È un fenomeno molto diffuso nel primo ciclo d’istruzione che va dalla scuola dell’infanzia fino alla scuola secondaria di I grado: si tratta di un senso di iperprotezione delle insegnanti nei riguardi degli alunni, cioè di un fortissimo senso materno che sembra quasi avulso dal ruolo di docenti.
Un eccessivo mammismo verso gli alunni che li ripara dai pericoli, dalle paure, dalle difficoltà, dalle incertezze non è da considerarsi un fattore molto positivo per lo sviluppo del bambino/ragazzo che negli anni crescerà pieno di insicurezze e timoroso di affrontare il mondo esterno.

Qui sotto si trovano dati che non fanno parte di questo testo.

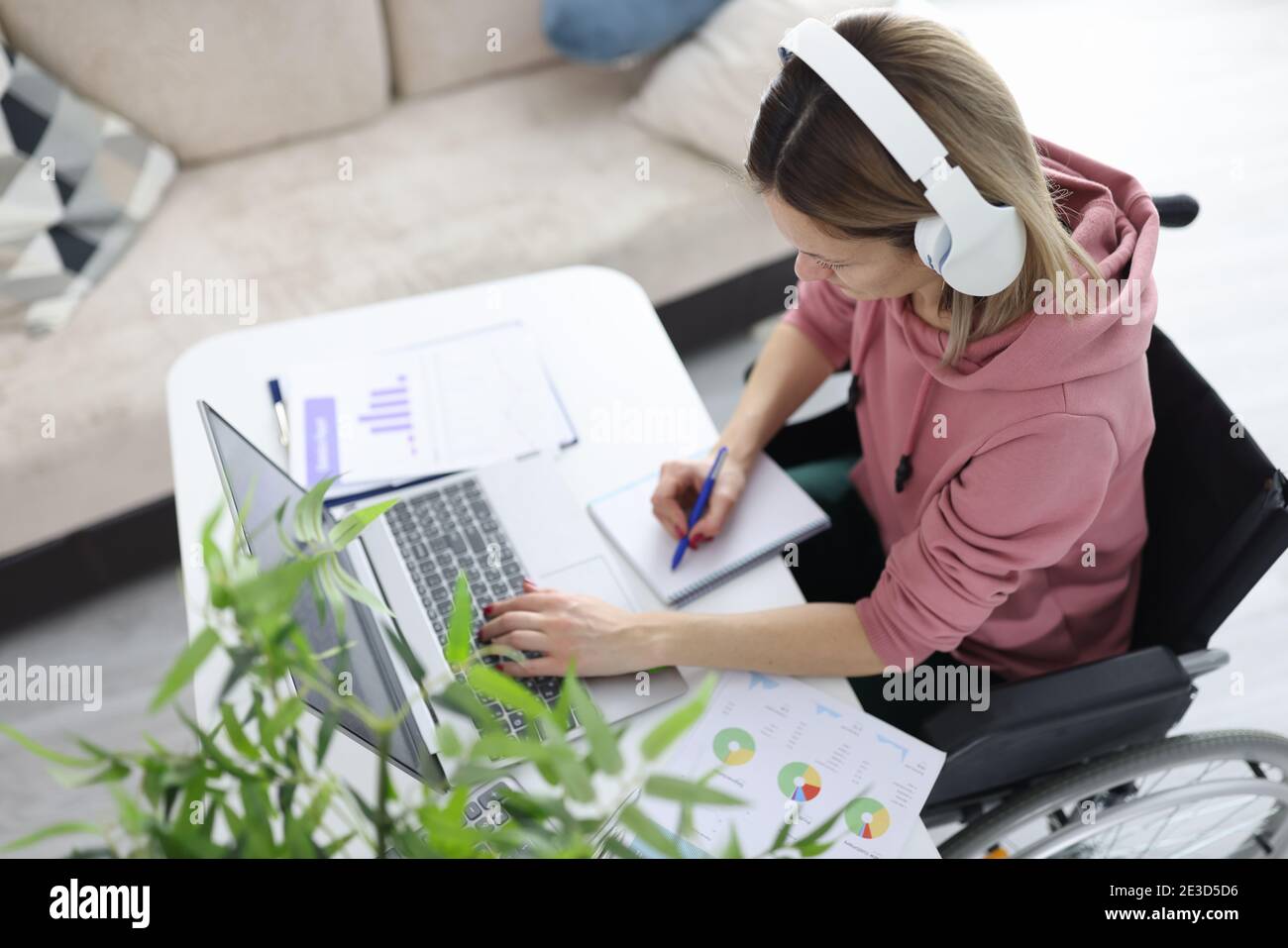 Woman in wheelchair sits at work desk wearing headphones and makes notes in notebook Stock Photo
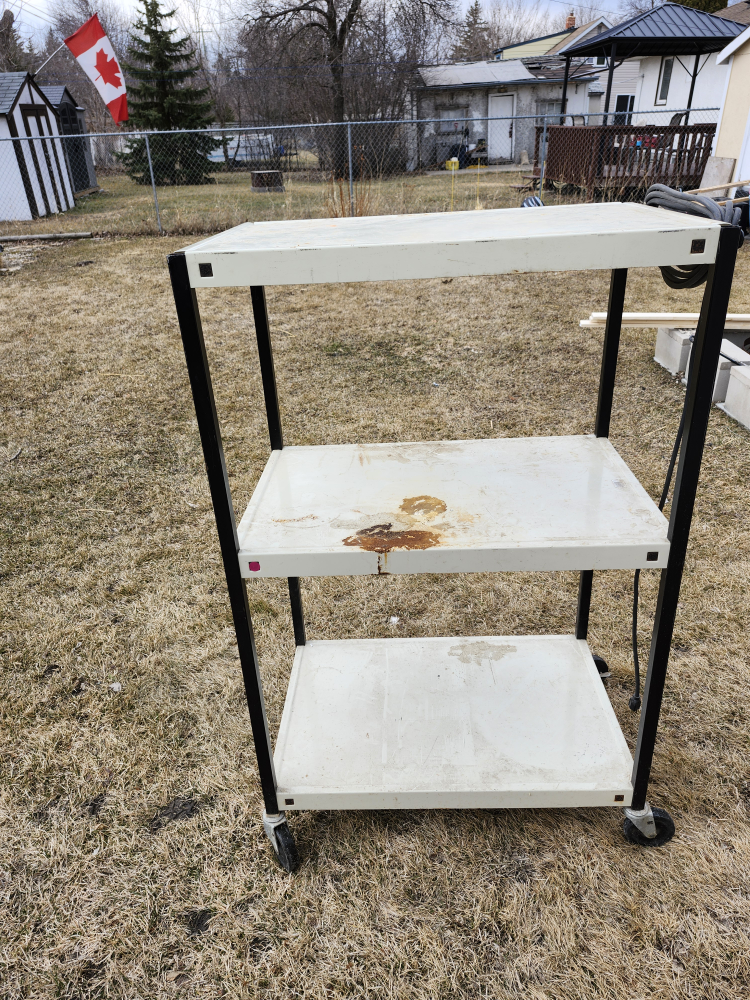 Three-shelf metal rolling cart with power strip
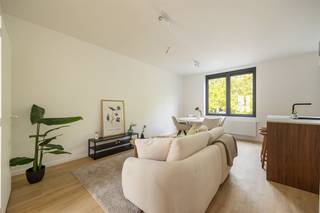 <p><span> </span></p><p><span>Strak gerenoveerd, energiezuinig én helemaal instapklaar: dit appartement van ca. 67 m² op de eerste verdieping heeft het allemaal. Je krijgt een heerlijk lichte leefruimte met open keuken, twee slaapkamers en een stijlvolle badkamer, afgewerkt in warme houttinten. En dat in een fijne buurt van Berchem, met het Brilschanspark en natuurgebied Wolvenberg op wandelafstand.</span><span> </span></p><p><span> </span></p><p><span>Lichte leefruimte met warme leefkeuken</span></p><p><span>Je komt het appartement binnen in de centrale hal, van waaruit je meteen doorloopt naar de leefruimte vooraan. Hier is lekker veel plaats voor een ruime zithoek en een grote eettafel. Het kamerbrede raam trekt veel natuurlijk licht binnen en de warme parketlaminaat loopt mooi door in het hele appartement. De zwarte pvc-ramen met driedubbele beglazing zorgen voor een strak accent én extra comfort. De open keuken past perfect in dat plaatje. De donkerbruine houtlook kasten geven de ruimte warmte, terwijl het lichte werkblad en het donkere kraanwerk het geheel strak houden. Het grote kookeiland met spoelbak doet tegelijk dienst als gezellige ontbijtogen: ideaal om er een paar barkrukken bij te schuiven. Ook praktisch is alles voorzien, met Samsung-toestellen zoals een combioven en vaatwasser en een Elica inductievuur met ingebouwde afzuiging. </span></p><p><span> </span></p><p><span>Twee slaapkamers & stijlvolle badkamer</span></p><p><span>Via de lange hal ga je naar de twee slaapkamers. De eerste is leent zich perfect als kinder-, logeer- of werkkamer. De master bedroom biedt ruim plaats aan een dubbel bed en extra kasten. Ook hier zorgen de grote ramen met driedubbele beglazing voor natuurlijk licht. De badkamer sluit helemaal aan bij de rustige, hedendaagse stijl van het appartement. Je hebt er een ruime inloopdouche met grijze betegeling en regendouche, een zwevend houtlook meubel met witte opbouwwastafel en donker geborsteld kraanwerk. Het toilet is netjes geïntegreerd in dezelfde ruimte. In de hal vind je bovendien nog een aparte berging van met aansluiting voor je wasmachine. Hier zitten ook de elektrische Ariston-boiler en de Vaillant-omvormer van de privatieve zonnepanelen netjes uit het zicht. </span></p><p><span> </span></p><p><span>Groen wonen in Berchem</span></p><p><span>Hier combineer je stad en groen zonder moeite. Het Brilschanspark en het mooie natuurgebied Wolvenberg liggen op wandelafstand, en ook sportcentrum Het Rooi is vlakbij. Voor je dagelijkse boodschappen vind je supermarkten enkele straten verder. Zin in een koffie, restaurant of wat winkels? Dan sta je zo in Oud-Berchem, de Pulhofwijk of Groenenhoek. </span></p><p><span>Ook energetisch zit je hier bijzonder goed. Het appartement haalt EPC A en is voorzien van privatieve zonnepanelen, elektrische verwarming, driedubbele beglazing en ventilatiesysteem C+. Voeg daar conforme elektriciteit en een asbestveilig attest aan toe en je hebt een appartement waar je zonder grote werken meteen je dozen kunt uitpakken. </span></p><p><span> </span></p><p><span> </span></p>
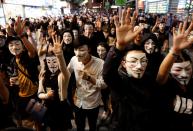 Protesters wearing Guy Fawkes masks attend an anti-government demonstration in Hong Kong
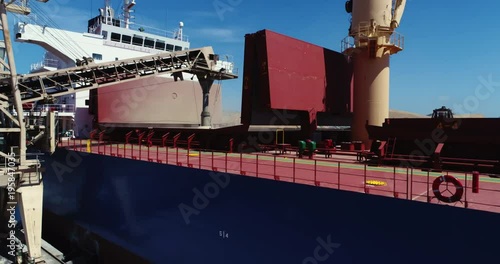 Drone flyover of unidentified bulk grain ship loading grain at southern Australian port. 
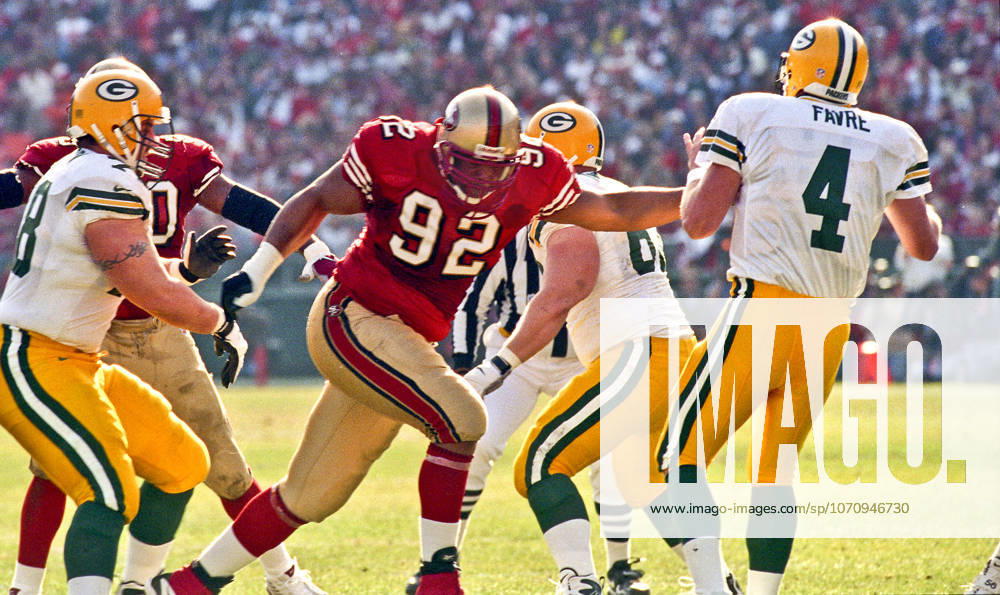 San Francisco, California, U.S - San Francisco 49ers vs. Green Bay Packers Candlestick Park Sunday, January 3, 1999. 49ers beat Packers 30-27. San Francisco 49ers defensive end Roy Barker (92) rushes Green Bay Packers quarterback Brett Favre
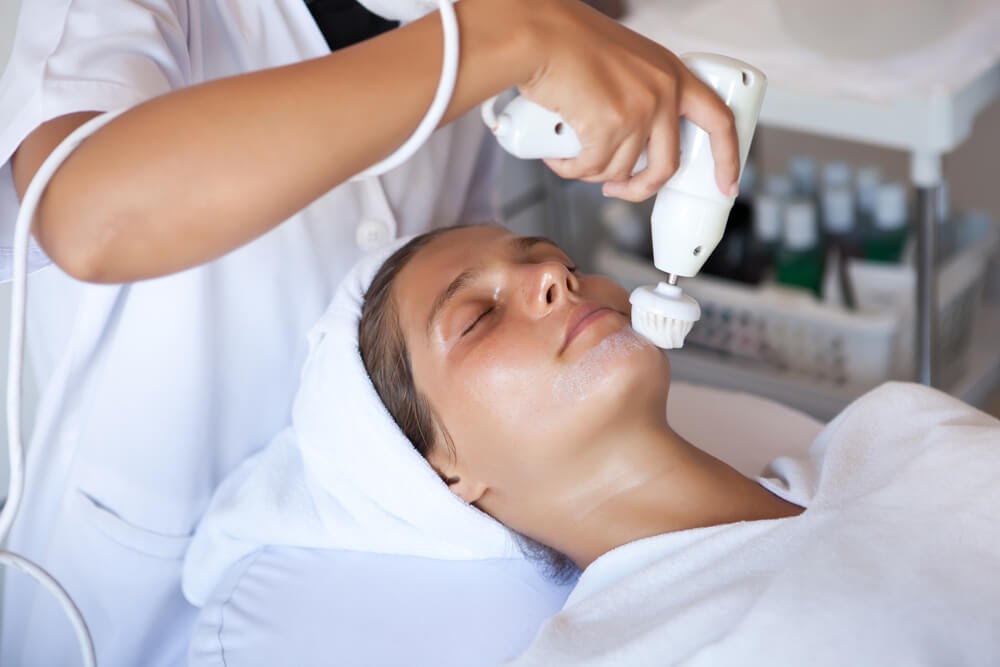 Woman getting an acne-fighting treatment done at a salon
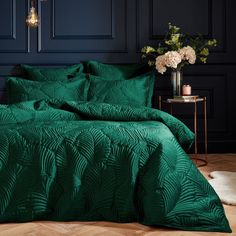 a bed with green comforter and pillows in a dark room next to a table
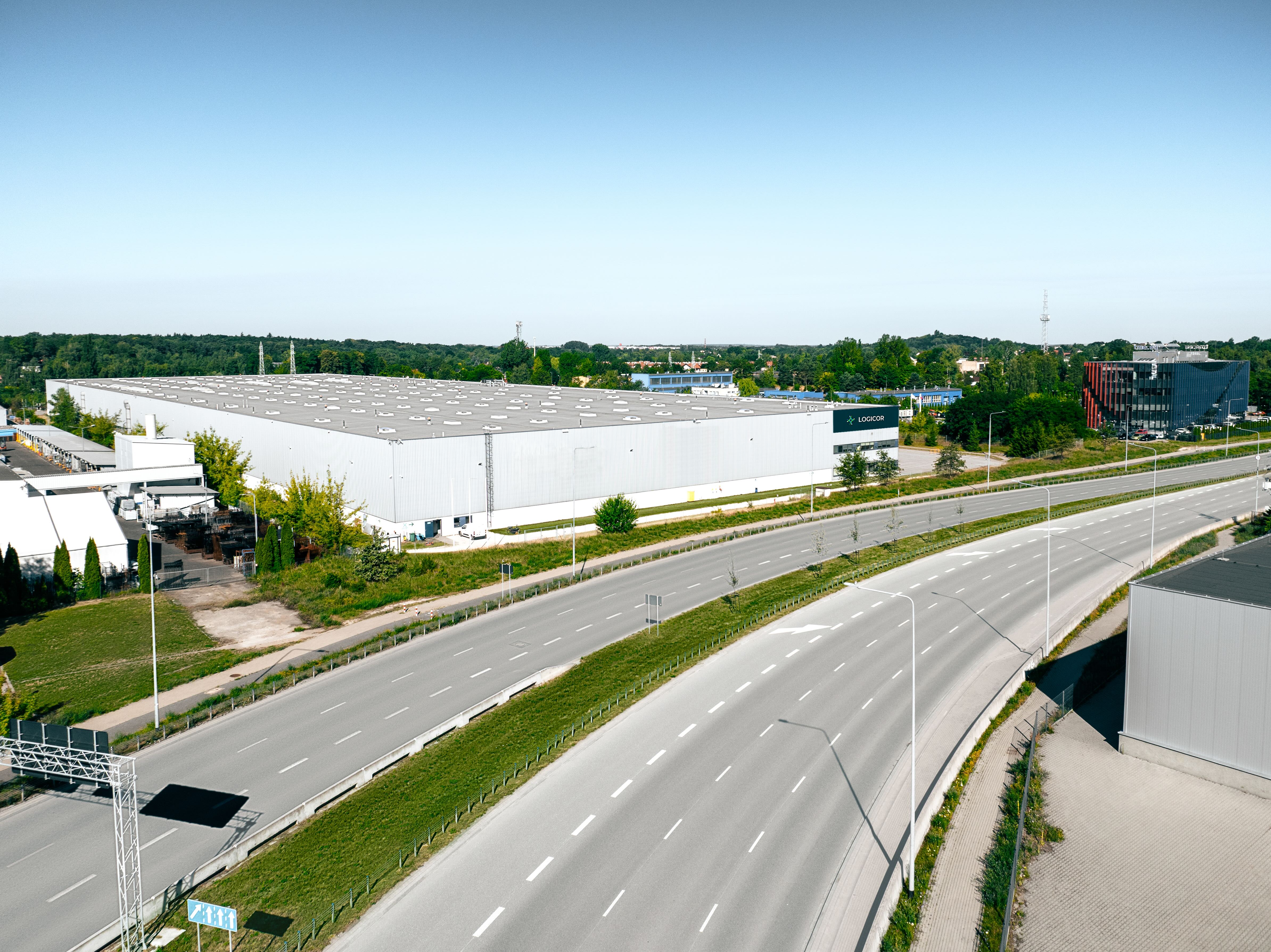 Rozległa, jasnoszara hala magazynowa Logicor z napisem „LOGICOR” obok wielopasmowej arterii drogowej i nowoczesnego budynku biurowego.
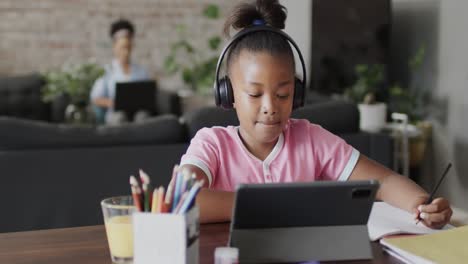 african american girl using tablet for online lesson, slow motion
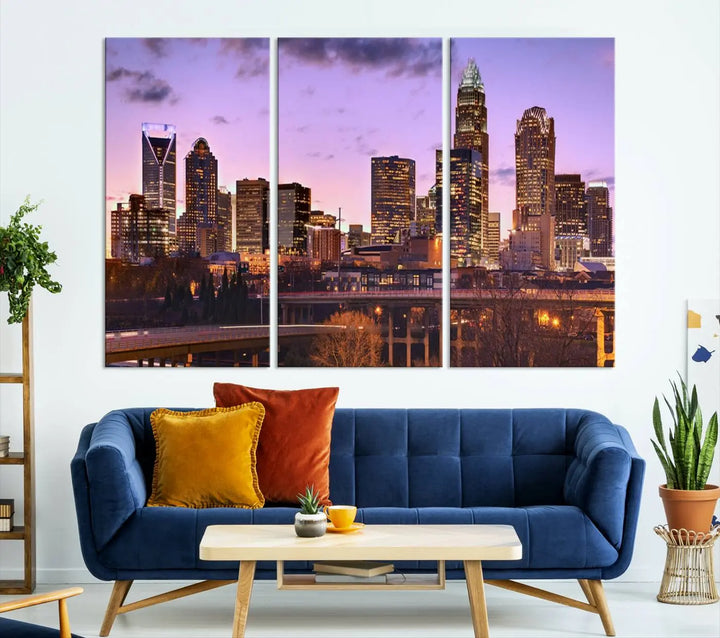 The "Charlotte City Lights Sunset Purple Skyline Cityscape View Wall Art Canvas Print" adorns the modern living room. This museum-quality piece is ready to hang and features a UV-protective coating to preserve its vibrant colors for years.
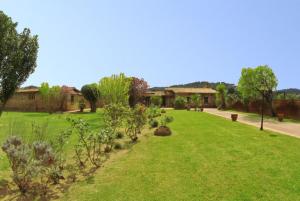 a green yard with trees and a building in the background at Club Villamar - Descanso in Platja  d'Aro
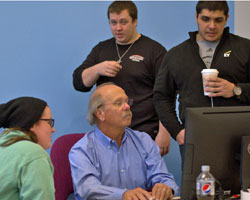 A professor surrounded by students.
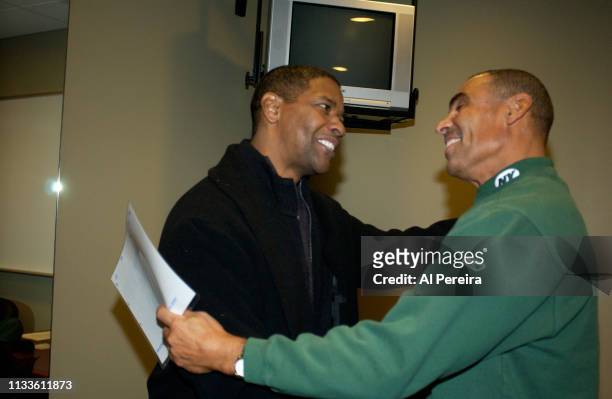 Actor Denzel Washington meets with New York Jets Head Coach Herm Edwards in the locker room when he attends the New York Jets v Seattle Seahawks game...
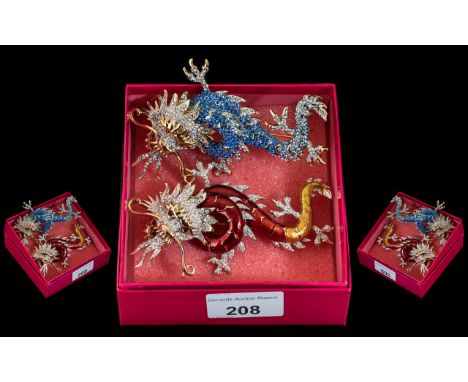 Butler &amp; Wilson - Two Dragon Brooches, comprising a dragon brooch with blue crystals, body gold tone, together with a red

L’istinto materno è molto forte nelle donne ed è bene che sia così perché fa parte della natura umana: è veramente una cosa bella.
Bisogna, però, distinguere i due ruoli. Un conto è fare la mamma, un conto è fare le maestre e le professoresse. Gli alunni devono imparare a conoscere il mondo, a saperlo esplorare, ad apprendere quei compiti di realtà che lo proiettano nel mondo vero non in quello perennemente ovattato e protetto. Se a scuola l’alunno sbaglia e commette errori bisogna far capire loro dove ha sbagliato non proteggerlo, facendosi venire i sensi di colpa e di commiserazione.
Questo fenomeno si manifesta principalmente nel primo ciclo d’istruzione e le insegnanti si dimostrano molto tolleranti nei riguardi dei propri alunni dando loro la facoltà di far superare gli ostacoli e le difficoltà.
Per non parlare poi della benevolenza negli scrutini finali in cui prevale fortissimo il buonismo della scuola verso gli alunni, marcato dalla accondiscendenza delle insegnanti che tendono ad essere magnanime.
Lo comprendiamo: questo fa parte della natura stessa della donna/insegnante/mamma, l’unica in grado di capire i problemi adolescenziali degli alunni. Tuttavia, in questo modo, gli adolescenti non imparano mai e poi mai a camminare con le proprie gambe e avranno sempre bisogno di un sostegno morale, psicofisico e incoraggiante che gli permettono di superare le mille difficoltà che la vita pone ogni giorno davanti.
Non si dà la possibilità all’adolescente di diventare adulto, ma di restare un eterno bambino. Proiettato nel mondo e abituato ad essere continuamente protetto saprà affrontare la realtà complessa della società contemporanea veloce, frenetica, ipertecnologica?
Si pensa proprio di no e i dubbi sono abbastanza fondati. Non illudiamo gli alunni ad essere dei geni, ma valutiamo bene con occhio distante e giudizioso le loro reali capacità. Sicuramente cresceranno meglio e sapranno districarsi con più naturalezza nel variegato universo in cui vivono.